The second route is to get a mount that clamps on the above rail but then centers the optic over the centerline of the bore. Call me an old school American but that is definitely my preference.

You can get mounts this way that directly hold the optic directly with the scope rings being built directly into the mount or you can get mounts that have a Picatinny rail on top that you can then secure whatever optic you want. This is my preference just so you know because it gives me more flexibility down the road.

RS Regulate mounts are the way to go!!

The best side mounts I have found that enable a ton of flexibility and adjustment are the RS Regulate brand mounts designed by Scot Hoskinson. He offers a number of different options so you need to stop by his site and take a look.

This is the RS Regulate AK-303M lower paired with the AKR upper rail.

Note, RS Regulate mounts are being counterfeited in China. I’d recommend only buying direct or from a reputable dealer below:

What optic to use?

On one hand, you could stick with the communist block styling . You can hunt around and buy 4x ZRAK optics still. There are also a lot of different offset mount optics that you can look into that are side mounted for example 8x and variable power. Just confirm the clamp on a particular model has enough adjustment to fasten onto the M76’s rail.

As of my writing this, there aren’t any ZRAK scopes on eBay but Apex Gun Parts does have some in fair to good condition (meaning very worn) and they are a good firm to deal with. Kalinka Optics has a variety of offset mount optics and is also reputable. If you really want an offset scope, I’d recommend Kalinka and go with something new.

With that said, you may be wondering “but what size scope?” The 8mm round definitely has some reach and you have to ask yourself what do you really plan on doing? This “what am I going to use it for” question is known as the “use case”.

When the Yugoslavs designed the M76, they needed a middle of the road simple optic that would allow the shooter to hit something man sized out to 800 meters. Four power magnification fits that bill because it gives you a wide field of view (meaning what you can see left to right and up and down in he scope – the more you see, the wider the field of view). They weren’t looking for precision by any means – just good enough to extend the reach of the shooter.

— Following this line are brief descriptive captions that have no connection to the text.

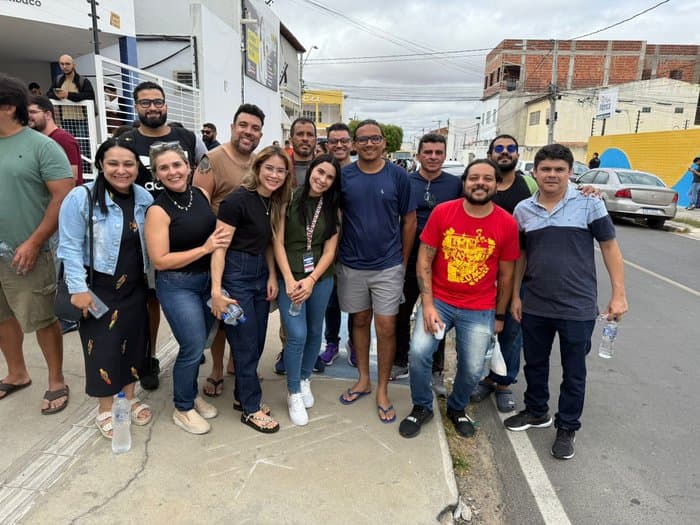 Encontro da Comunidade da Física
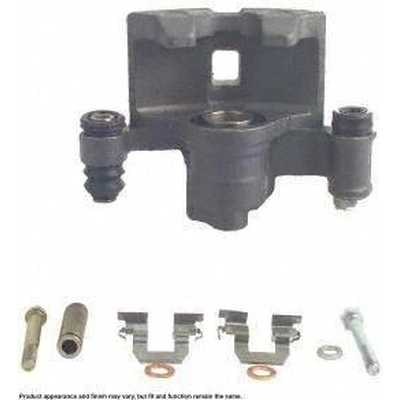 Rear Right Rebuilt Caliper With Hardware by CARDONE INDUSTRIES - 19-1776 pa11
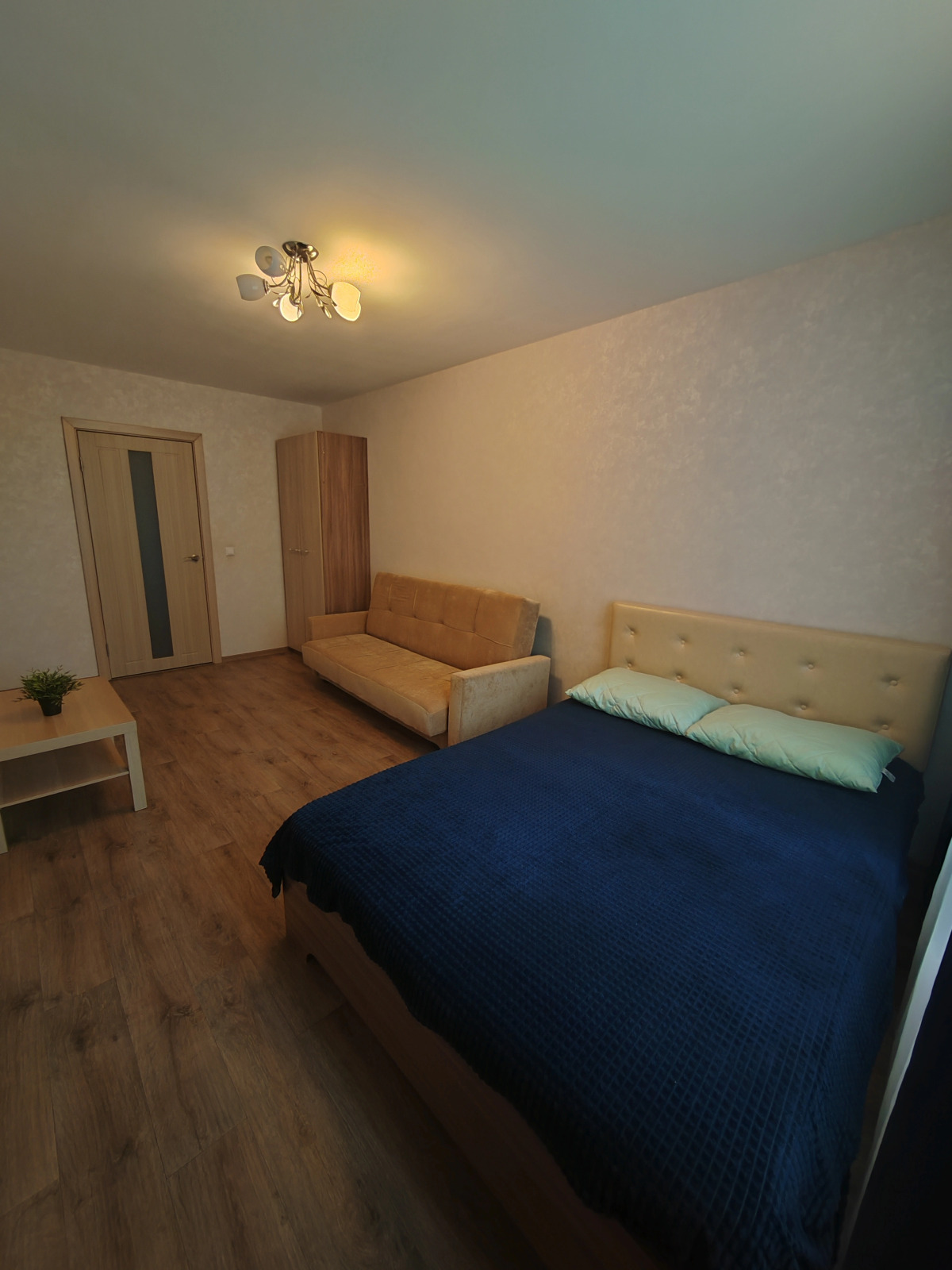 Апартаменты Двухкомнатные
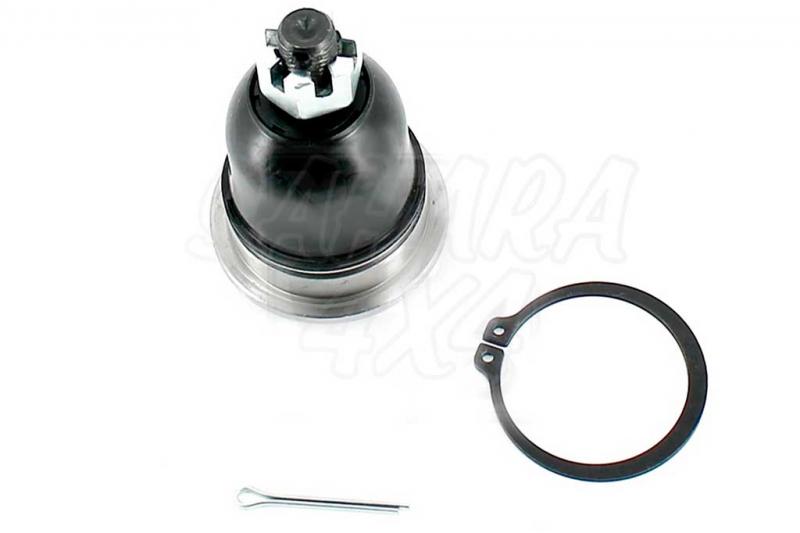 Rotula de suspensin para Nissan Navara D21/D22 - Recambio tipo original.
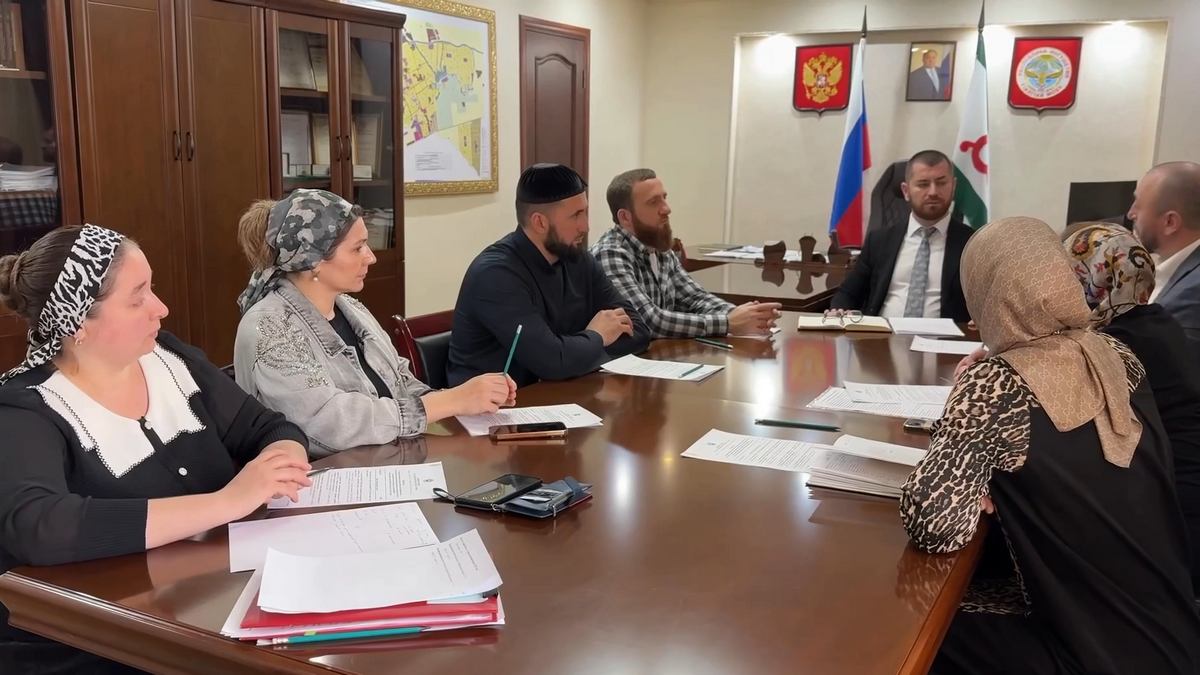 Новости Ингушетии: Наркотикашта духьаларча Шолжа-Шахьарерча комиссе ше баьча балхах дийцар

I’m 53 and while I grew up shooting a lot with iron sights, I can’t see very well at 100 yards and I sure can’t shoot precisely. Now remember, the M76 you have will likely be shooting1-4 MOA (1-4″ at about 100 yards, 2-8″ at 200 yards and so forth). It all depends on the condition of the rifle and the type of ammo you are shooting not to mention your own abilities. Spending a fortune on a giant quality surgical scope, like a 6-24x, is overkill…. unless that is what you really want.

What I would recommend is a variable power and I tend to favor 4-16x because I have the nice bright field of view at 4x and can zoom in if needed. Most of my shooting is within 200 yards so this works just fine for me on my DMR rifles.

Now you may be wondering “But I saw the photo of that giant scope you are running – what’s up with that?” Good question and let me explain.

That’s a Vortex Crossfire II 3-12×56 scope known as the “hog hunter” and my buddy shooting it during a range visit this summer.

My “use case” when I was planning for the optics was for hog hunting. I wanted a really big objective to suck in light for shooting at dusk and an illuminated recticle. I also happened to already have it left over from another project. It is quite affordable by the way.

So, the Hog Hunter seemed like a great match – 3-12x for fast shooting in close to having a 12x for distance shots. The big 56mm objective does pull in a lot of light. The lit recticle is only bright enough to make a difference at night and isn’t as bright as what you would see on a tactical scope.

Having used it for a while now, I’ll tell you that it delivers on the above with a couple of caveats that may make you stay away from it unless thye don’t bother you:

First, it is a big scope – far bigger than what you may think in terms of dimensions and weight due to the big objective. It’s almost 13.5″ long and 21.1 ounches.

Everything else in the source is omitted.